20 June 2012, 17:12 | Written by Josh Hall
(Live)

Saturday was a struggle. After two consecutive nights exploring the best Barcelona has to offer, the Sonar By Day crowd began to take on the look of the undead – or, at least, of the half-asleep.

Still, though, the festival’s final day boasted a lineup full of old favourites and new discoveries. Here are our picks from Saturday.

DJ Harvey

DJ Harvey has the look of a rock star. His hair-metal locks are a fitting illustration of his first steps in music, as the drummer in John Peel-endorsed post-punk band Ersatz. Today he is beloved as one of the most instrumental figures in the introduction to the UK of New York disco and US house – a sound that has long characterised his sets. Closing the Red Bull Music Academy stage on Saturday, though, Harvey made relatively brief NY excursions, preferring to concentrate on the techier end of his repertoire – in preparation, presumably, for his mammoth Berghain stint later this week.
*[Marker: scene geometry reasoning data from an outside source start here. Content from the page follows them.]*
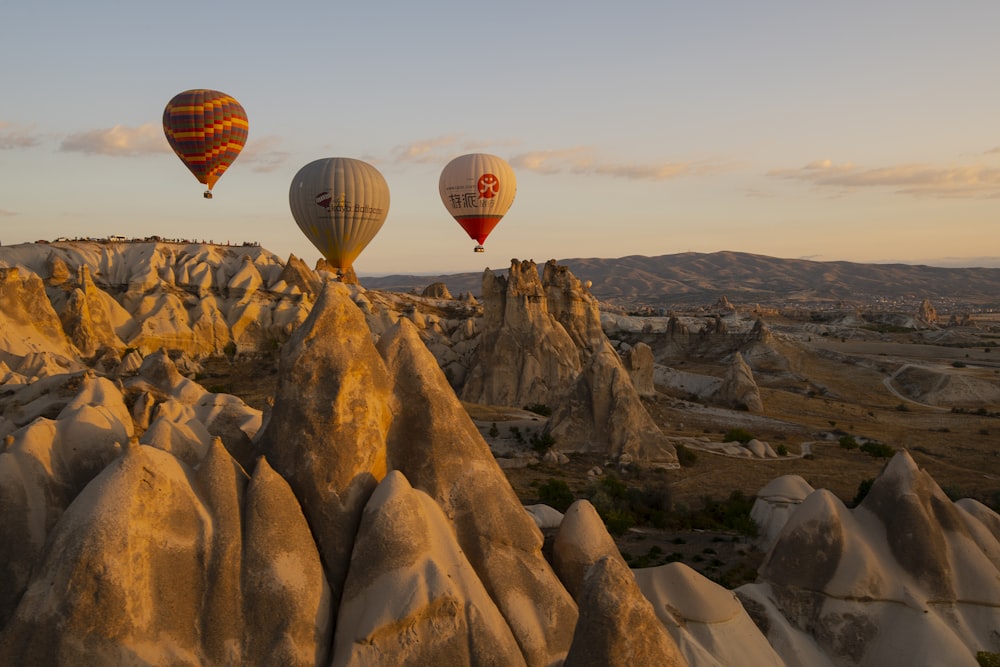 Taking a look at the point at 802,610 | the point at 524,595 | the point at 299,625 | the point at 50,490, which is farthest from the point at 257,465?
the point at 802,610

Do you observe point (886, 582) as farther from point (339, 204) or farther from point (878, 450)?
point (339, 204)

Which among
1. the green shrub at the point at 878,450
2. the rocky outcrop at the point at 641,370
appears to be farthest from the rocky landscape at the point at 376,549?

Disco or not, though, Harvey’s was a beautifully analogue-sounding set from a DJ with enough faith in his records to let them play out even, as happened midway through, when they skip.

Azari & III

DJ Harvey might have jettisoned the disco, but Azari & III still hold it close to their hearts. Playing SonarLab, one of By Night’s outdoor stages, the Canadian quartet suffered from iffy sound throughout – a predictable outcome, perhaps, when you put two live bands (the other being Metronomy) on a lineup otherwise dominated by DJs and solo laptop artists. But engineering issues really don’t matter when you are in the presence of a band this entertaining. Theirs is a sound that pivots at two points. The two vocalists are all denim-clad New York camp-club histrionics, pulling co-ordinated dance moves of the sort that would clear the floor of pretty much any venue you can imagine. But at the back of the stage the musicians, playing an array of synths, samplers, and drum pads, introduce a more metallic edge and suggesting a dark seam beneath the arms-aloft celebration.

Kode 9

Steve Goodman is a dubstep renaissance man. By day he is a (notoriously tetchy) university lecturer. By night he writes books on sonic warfare, DJs, and runs one of the world’s most important labels. Sleep is, presumably, a secondary concern. His was the standout set from Saturday’s Hyperdub showcase, which also included a preoccupied Cooly G and an absurd but entertaining Scratcha DVA. Goodman’s set was pretty sloppily mixed, but with selections that flitted between dub, juke, and jungle, and with a phenomenal, skittish closing track taken from his own forthcoming releases, there were more than enough welcome surprises to make up for the occasionally dodgy craftsmanship.